LAST week, Aaron Phangiso was a chucker. This week he isn’t. What gives? More than six degrees of separation, it seems.

Sources told Business Day that when Phangiso was initially tested, he fell foul of the 15 degrees of tolerance permitted for a straightening arm by as many as seven degrees.

Consequently, Cricket SA said last Tuesday that the left-arm spinner’s action had been ruled illegal.

That followed a first round of testing on February 26 at the High Performance Centre at the University of Pretoria (UP).

Phangiso spent the next few days trying to straighten himself out. On Monday, he was tested again. On Wednesday, he was cleared to resume bowling. That meant Phangiso could fly to India on Thursday with rest of the SA squad to play in the World T20.

Last Tuesday, Sports Minister Fikile Mbalula implored Cricket SA to save Phangiso and not to give "ammunition to those who continue to slow our transformation objectives".
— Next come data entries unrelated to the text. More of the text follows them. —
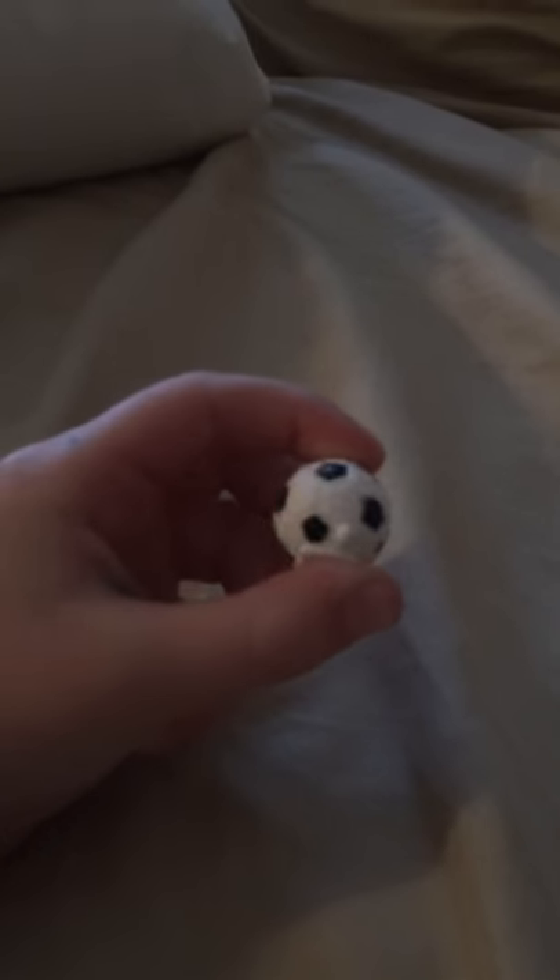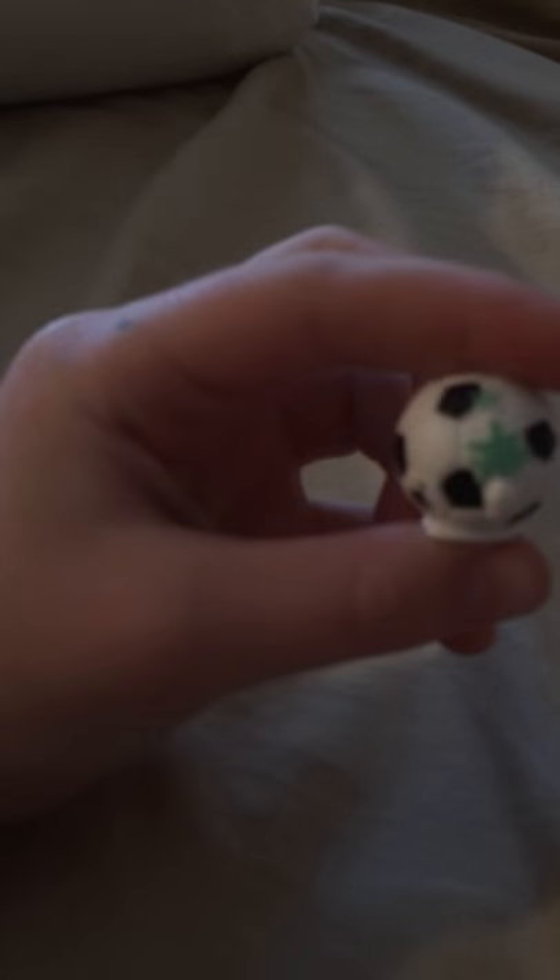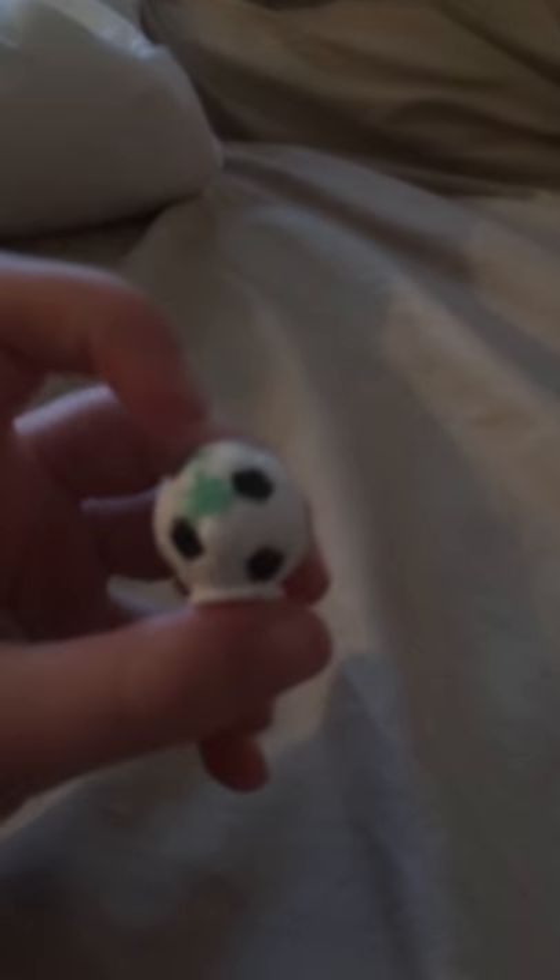Looks like we got a — I actually don't know his name, I'm new to Season Five Shopkins — but it's this cool little soccer ball. Oh, look at the little — I think that's paint on him. Okay, let's open our next one.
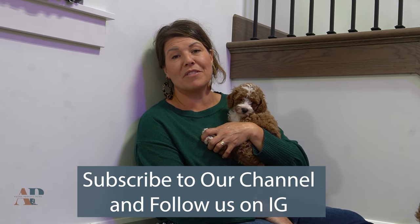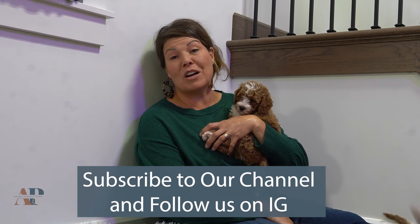Thank you so much for watching. You can like and subscribe to our YouTube channel, follow along on our Instagram profiles, and watch for more content from us on a weekly basis.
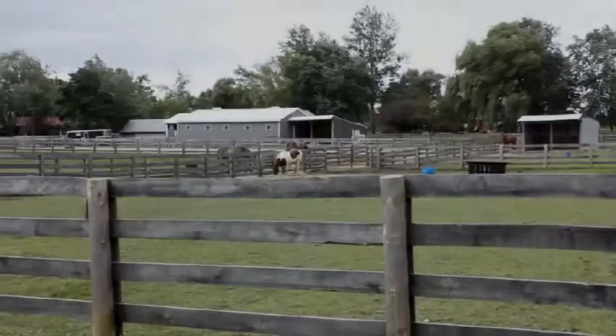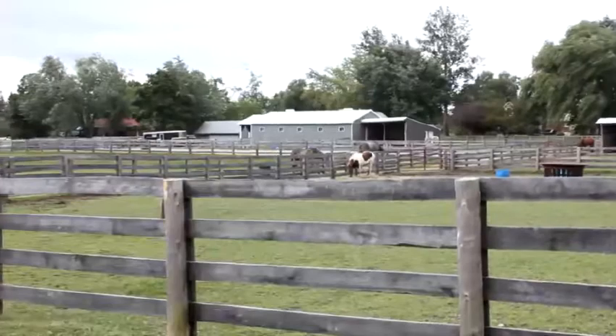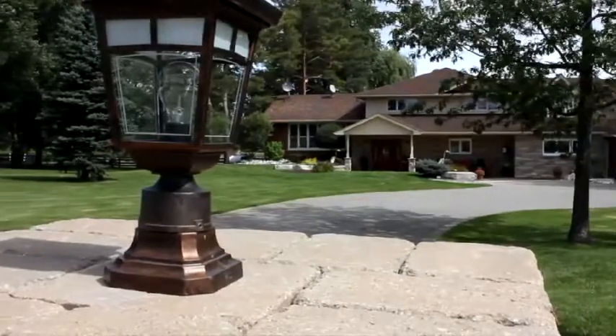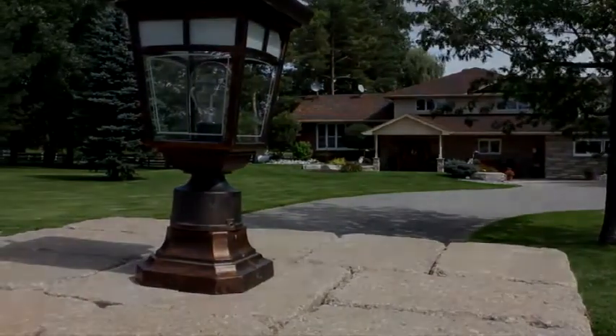If you crave the equestrian lifestyle and desire the comfort and opulence of an executive home conveniently located less than an hour from Toronto, then this property could be just what you're looking for. So call your realtor today and book a private tour.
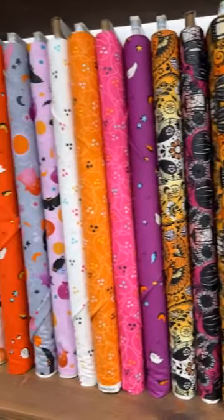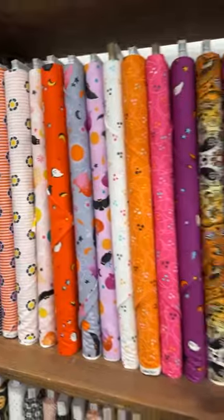Happy Friday, everybody. It is Kim coming at you live at Sew Storm Quilt Shop in Alcester, South Dakota. It is Friday — congratulations, we made it through another week. It's always a good day when you can check that off the box. I am happy to tell you that today's Friday feature is a great one.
Helen Bayne, head biomechanist at Tuks Sport, denied Cricket SA or the ministry had pressured them to give Phangiso the green light.

Another source says Phangiso was targeted as a warning by the game’s establishment to black African players not to rock the racial boat. That, after Black Cricketers in Unity asked Cricket SA in November why black players were not included in the XI more often.